§ **Work order**
Everything in the data should be repeated exactly, save for the images.

§ **Data excerpt**
■ ■ ■ ■ ■
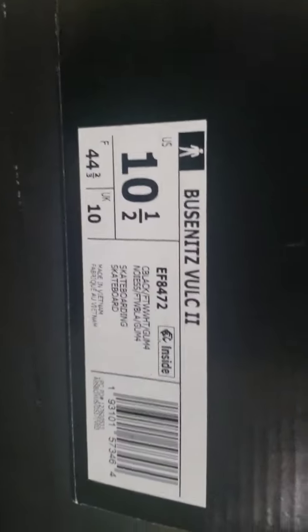These ones are labeled for skateboarding. Thanks for watching my right-quick shoe review — peace peace.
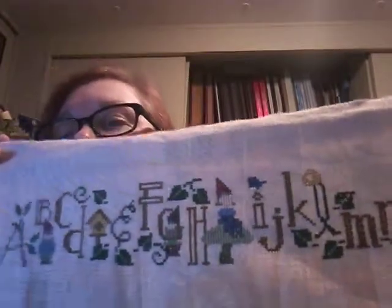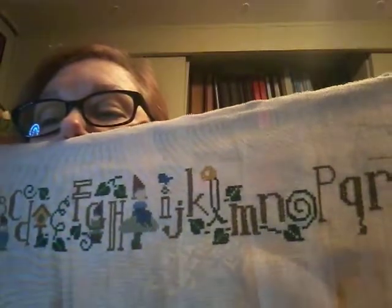I did make a change to the pattern right here. She had a D in brown and then she also had a D in green. I'm sorry — I'm OCD in some ways. So I changed it and I found a birdhouse which will be at the other end down here, and I copied the birdhouse and put it there. So this is where I am.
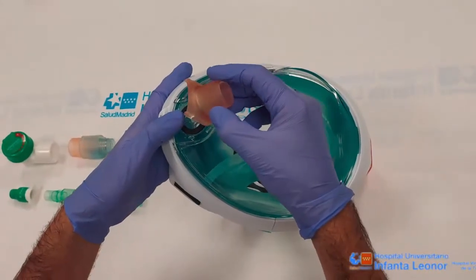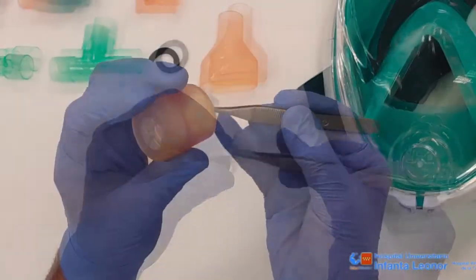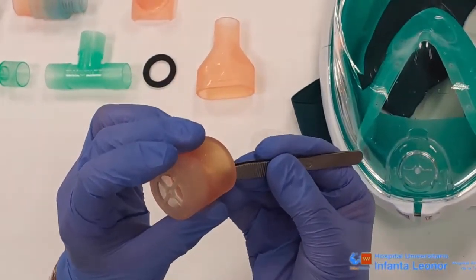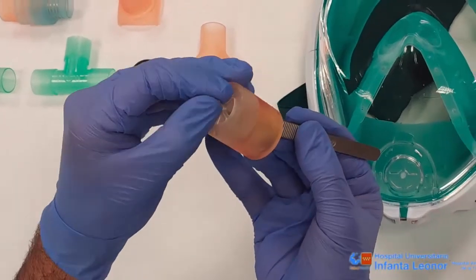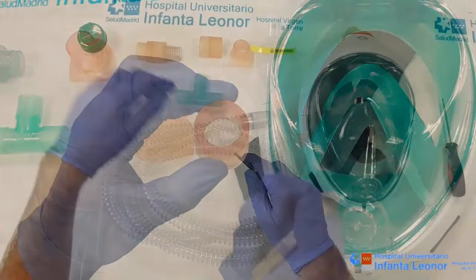Next, we place the front piece using an O-ring to decrease permeability in the system. We place one of the internal membranes inside the anti-asphyxiation valve, doing so from the inside to permit entrance of air but not exit.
■ ■ ■ ■ ■
§ **Solution for this exercise**
These ones are labeled for skateboarding. Thanks for watching my right-quick shoe review — peace peace.
I did make a change to the pattern right here. She had a D in brown and then she also had a D in green. I'm sorry — I'm OCD in some ways. So I changed it and I found a birdhouse which will be at the other end down here, and I copied the birdhouse and put it there. So this is where I am.
Next, we place the front piece using an O-ring to decrease permeability in the system. We place one of the internal membranes inside the anti-asphyxiation valve, doing so from the inside to permit entrance of air but not exit.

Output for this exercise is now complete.